Silaturrahim dalam ajaran syariat Islam merupakan amalan utama yang memiliki peran penting dalam menyambungkan relasi hablum minannas. Keutamaan silaturrahim tidak hanya terletak pada kemampuannya untuk memperpanjang umur dan melapangkan rezeki, tetapi juga dalam memperbaiki hubungan antar manusia yang mungkin telah terputus.
Muhammad Quraish Shihab dalam bukunya “Membumikan Al-Qur’an: Peran dan Fungsi Wahyu dalam Kehidupan Masyarakat” mengungkapkan sabda Nabi Muhammad (SAW): “Bukanlah bersilaturrahim orang yang membalas kunjungan atau pemberian, tetapi yang bersilaturrahim adalah yang menyambung apa yang putus” (HR Bukhari). Hadits ini menegaskan bahwa silaturrahim berfungsi untuk menyambung hubungan yang telah terputus. Sebagai manusia, kita tidak terlepas dari dosa dan kesalahan yang dapat menyebabkan hubungan antar sesama terputus. Di sinilah silaturrahim berperan penting untuk memperbaiki dan menyambung kembali hubungan yang telah renggang.

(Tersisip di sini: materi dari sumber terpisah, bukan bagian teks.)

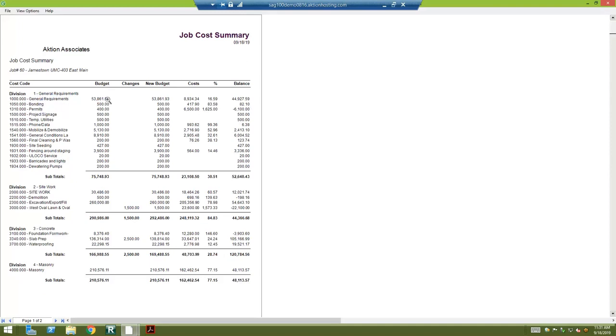That amount from the budget, when we enter the job budget, is going to be in the first column. Second column is if we had any budgetary change orders, any parts of the change order that needed to affect a line item in the budget. Then you're going to get your revised budget.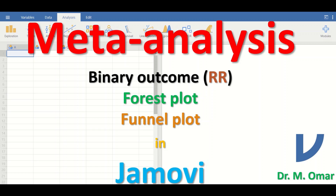This tutorial covers meta-analysis with a binary outcome based on an estimate of effect size, which is the risk ratio, abbreviated as RR, in Jamovi, and generating a forest plot and a funnel plot. A binary outcome is a variable or data that has two levels or two categories, such as live or dead, agree or disagree, or smoke versus doesn't smoke.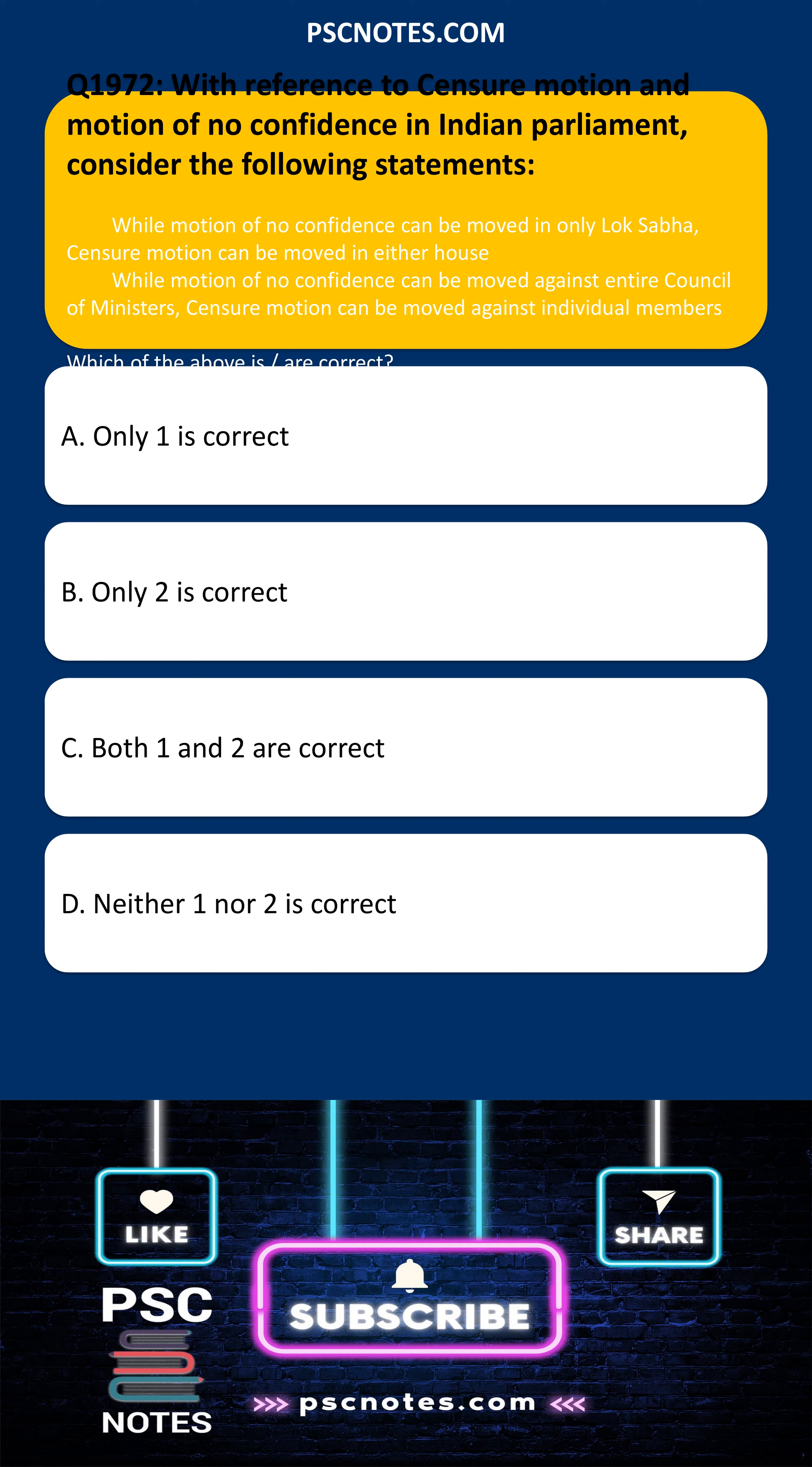With reference to censure motion and motion of no confidence in Indian Parliament, consider the following statements.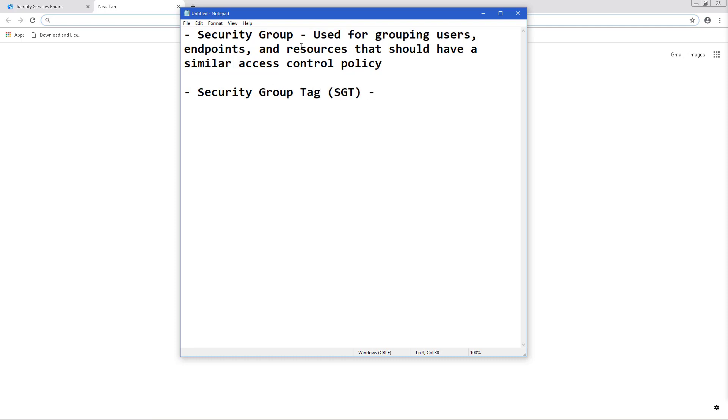Based on the security group, we assign a security group tag. This is a unique security group number that's assigned to the security group.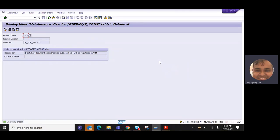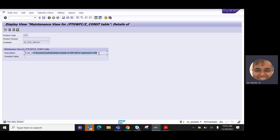An SAP document that is posted outside VIM doesn't create a VIM document. If you go to the ZCONS table, by default this constant is set as X. You have to uncheck it. If a SAP document is posted or parked outside of VIM, it will be registered in VIM — which you may not want. So by default this is set, and you have to unset it.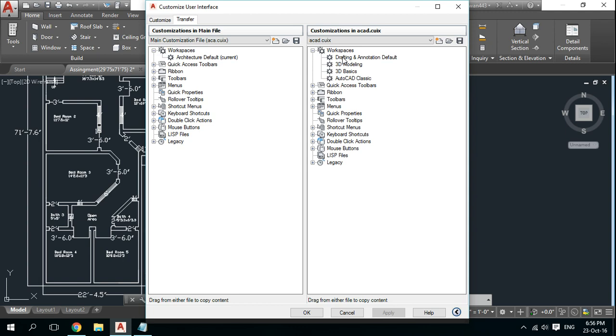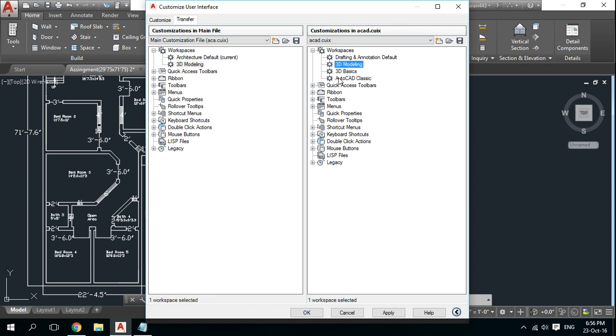Open it. Here we have all the workspaces. Please drag and drop the files. First, we drop 3D Modeling, then 3D Basics. I will not be adding 3D Basics. I will be adding only 2D Drafting.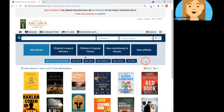Welcome to the Learning Lab class: Discover Library Materials and Collections with the Arcadia Discovery Catalog. In this video, we're going to be taking a look at the various ways you can browse for materials. So let's get started.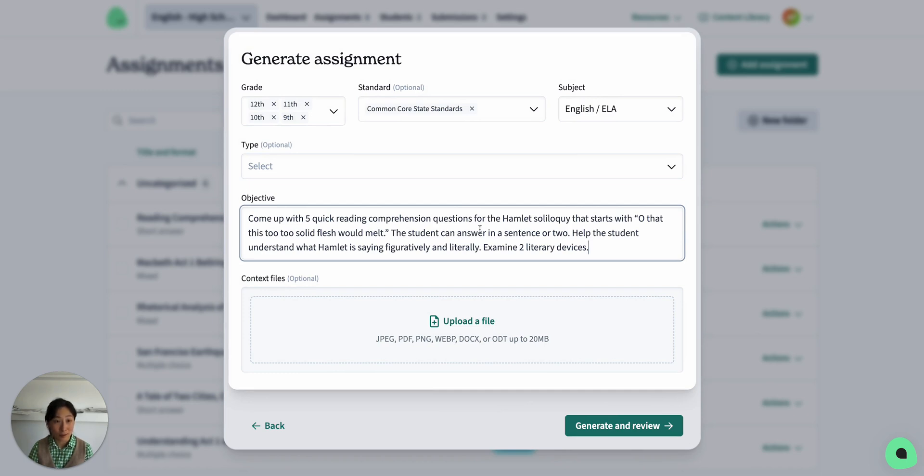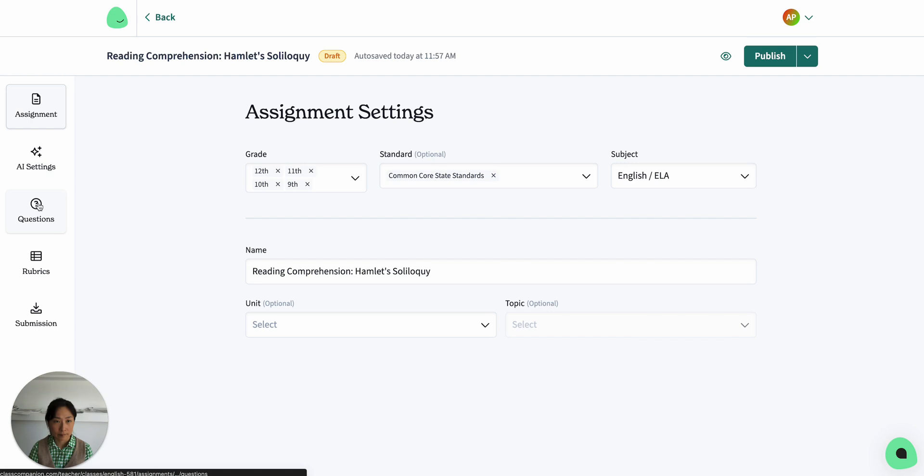Come up with five quick reading comprehension questions for the Hamlet soliloquy that starts with, O, that this too too solid flesh would melt. The student can answer in a sentence or two. Help the student understand what Hamlet is saying figuratively and literally, and examine two literary devices.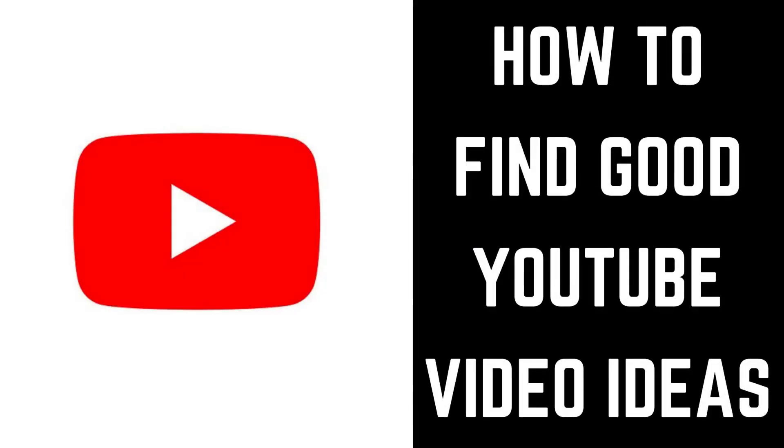Let me know in the comments below how you find good YouTube video ideas. If you liked what you saw here, click the video link on the right side of the screen to check out another video, or click the logo on the left side of the screen to subscribe to this channel to see more great videos like this one.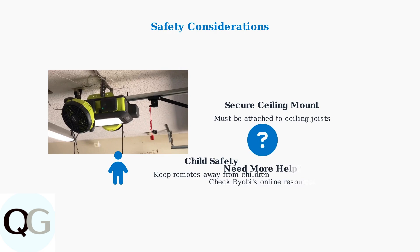If you encounter persistent issues, consult Ryobi's online troubleshooting resources or contact their technical support for professional assistance.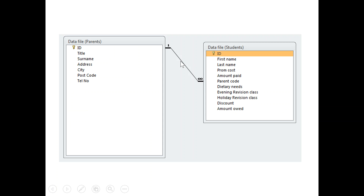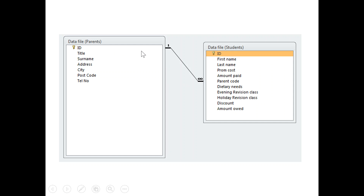The last slide here just shows that as a one-to-many relationship. We have our data file of parents and here are all their fields and attributes, and then we have the data file for students. You can see here that the parent code is our foreign key that links to the primary key in the parents table.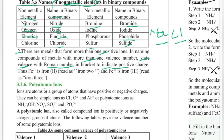Like the oxidation state of metals, the Roman numeral indicates the positive charge. The Roman numeral represents the oxidation state of the metal in the compound.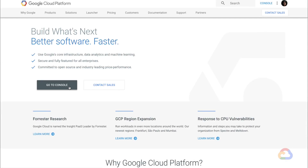Cloud SQL helps manage mundane administrative tasks from MySQL and Postgres databases, so you can focus on what matters. Let's walk through how to create a Postgres database on Cloud SQL and connect to it from the Google Cloud Shell. You can set up an instance in just a few steps. We'll start with the basics, and I'll point out some options for additional configuration along the way.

Lebaran, khususnya Idul Fitri, menjadi momen yang tepat untuk melakukan silaturrahim, terutama jika di hari-hari lain kita belum mampu menyambung hubungan yang putus. Energi kembali ke fitrah pada hari raya ini mendorong kita untuk berlomba-lomba mengembalikan diri pada kesucian. Namun, silaturrahim seharusnya tidak terbatas pada momen Idul Fitri saja. Kita tidak seharusnya menunggu berbulan-bulan untuk menyambung hubungan yang telah putus, karena kita tidak tahu batas umur kita. Menyimpan kesalahan dan dosa terhadap orang lain akan merugikan kita jika kita tidak memiliki kesempatan lagi untuk memperbaikinya.
Quraish Shihab juga menjelaskan arti silaturrahim dari sisi bahasa. Silaturrahim adalah kata majemuk yang berasal dari kata “shilat” dan “rahim.” Kata “shilat” berakar dari “washl,” yang berarti menyambung dan menghimpun. Ini menunjukkan bahwa silaturrahim ditujukan untuk hubungan yang putus dan terserak. Sedangkan “rahim” pada mulanya berarti kasih sayang, dan berkembang menjadi peranakan atau kandungan, yang menunjukkan bahwa anak yang dikandung mendapatkan curahan kasih sayang.
Salah satu bukti konkret dari silaturrahim yang berintikan kasih sayang adalah pemberian yang tulus. Oleh karena itu, kata “shilat” juga diartikan sebagai pemberian atau hadiah. Dengan memahami makna silaturrahim, kita diingatkan untuk tidak hanya menjaga hubungan baik dengan sesama, tetapi juga untuk melakukannya dengan penuh kasih sayang dan ketulusan.
Dengan demikian, silaturrahim bukan sekadar membalas kunjungan atau pemberian, tetapi lebih kepada usaha untuk menyambung kembali hubungan yang telah terputus, dengan penuh kasih sayang dan keikhlasan. Wallahu a’lam.